▸ **Data section**:
■ ■ ■

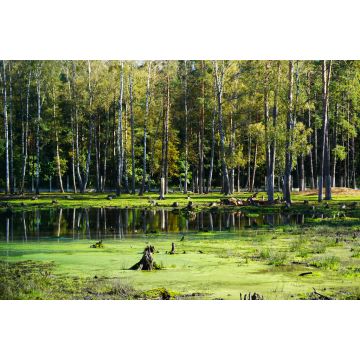 Lais Puzzle - Die Hirsche im geschützten Waldreservat Belovezhskaya Pushcha, dem UNESCO-Erbe - 2.000 Teile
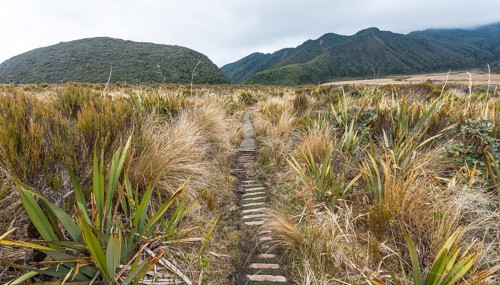 Trail through swampland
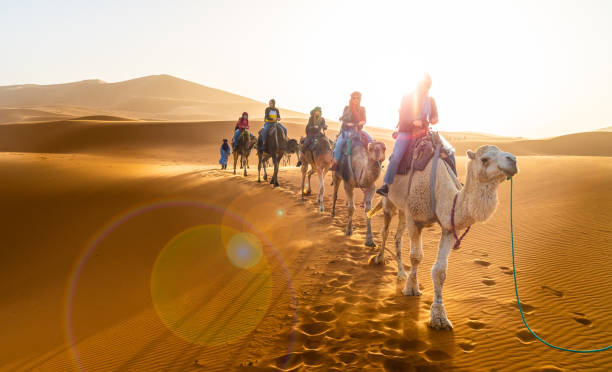 roulotte a piedi nel deserto di merzouga - camel desert travel safari foto e immagini stock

■ ■ ■

▸ **Task details**: An exact repetition of the listing is needed, with the pictures dropped.

▸ **Finished exercise**:
 Lais Puzzle - Die Hirsche im geschützten Waldreservat Belovezhskaya Pushcha, dem UNESCO-Erbe - 2.000 Teile
 Trail through swampland
 roulotte a piedi nel deserto di merzouga - camel desert travel safari foto e immagini stock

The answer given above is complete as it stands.